Comment 62 Michael Gruys 2010-12-24 21:15:05 UTC
Yes,
The problem is also solved when applying the steps of comment #32
But you have to do this again each time after an update of the e1000e module...

Comment 63 Seth Abraham 2011-01-09 00:03:22 UTC
I also have this network problem with 2.6.35.10-74.fc14.x86_64 kernel, and dhclient-4.2.0-16.P2.  I am using an Intel motherboard with integrated graphics.  The Ethernet (as reported by lspci) is: 
00:19.0 Ethernet controller: Intel Corporation 82566DC Gigabit Network Connection (rev 02)
  I have observed:
1) the pcie_aspm=off acpi=off workaround works most of the time.  It occasionally fails.
2) I tried vmlinuz-2.6.37-0.rc5.git2.1.fc15.i686 kernel and had the machine freeze during boot, while probing hardware
3) vmlinuz-2.6.37-0.rc5.git2.1.fc15.i686 with pcie_aspm=off allowed the machine to boot, but did not get the network up.
4) On configurations where the network does not come up, I see the log messages indicating that DHCPDISCOVER message was not responded to, however I was able to see the proper network config information in the cached files.
5) When I tried to manually configure the network, I was unable to get the network routes to get proper function
6) On configs where the network did not come up, I often saw IRQ conflicts between the network card and this the audio device (00:1b.0 Audio device: Intel Corporation 82801H (ICH8 Family) HD Audio Controller (rev 02))


Is the exact mechanism of this bug understood?

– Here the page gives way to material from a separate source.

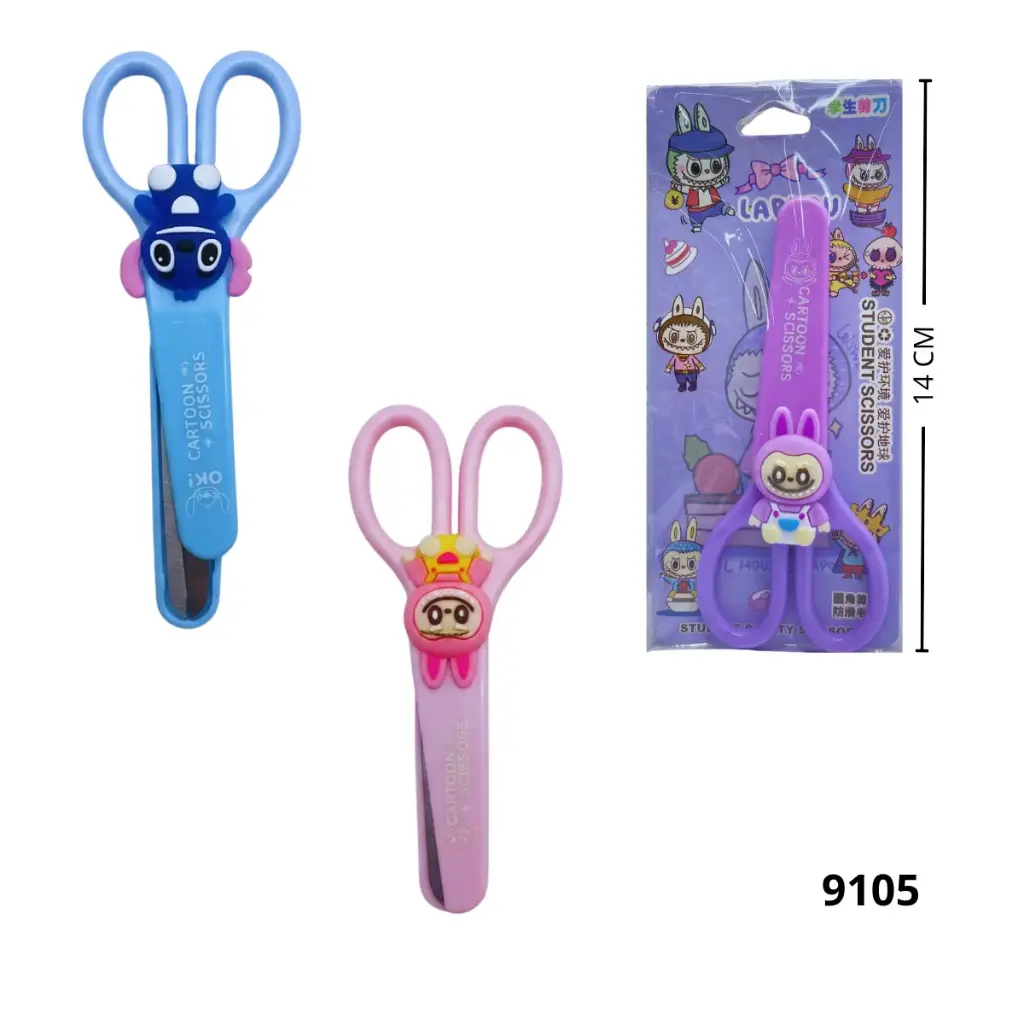 9105 TIJERAS DE MOTIVOS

Is there any other suggestions for boot with F14, keeping the network functional and still have ACPI?

Comment 64 Michael Gruys 2011-01-09 08:36:04 UTC
follow the instructions of comment #32
You can download the package at http://e1000.sf.net/

Comment 65 rockus 2011-02-19 15:24:20 UTC
Looks like this issue is fixed with the 2.6.35.11-83.fc14.x86_64 updates.  Can someone also confirms.  It has taken so long.

Thanks.

Comment 66 Michael Gruys 2011-02-19 15:34:35 UTC
Looks like it also fixed on:

Linux 2.6.35.11-83.fc14.i686.PAE #1 SMP Mon Feb 7 06:57:55 UTC 2011 i686 i686 i386 GNU/Linux

Comment 67 Patrick O'Callaghan 2011-02-19 17:00:34 UTC
2.6.35.11-83.fc14.x86_64(In reply to comment #65)
> Looks like this issue is fixed with the 2.6.35.11-83.fc14.x86_64 updates.  Can
> someone also confirms.  It has taken so long.
> 
> Thanks.

Confirmed. I think it might even have started working with a previous version, I simply hadn't noticed, i.e. I haven't had to compile the e1000e driver for some time now.

Comment 68 rockus 2011-02-19 17:36:00 UTC
Thanks both for the confirmation.  As for me, it still doesn't work as late as 2.6.35.10-74.fc14.x86_64, which is the update prior to this last one.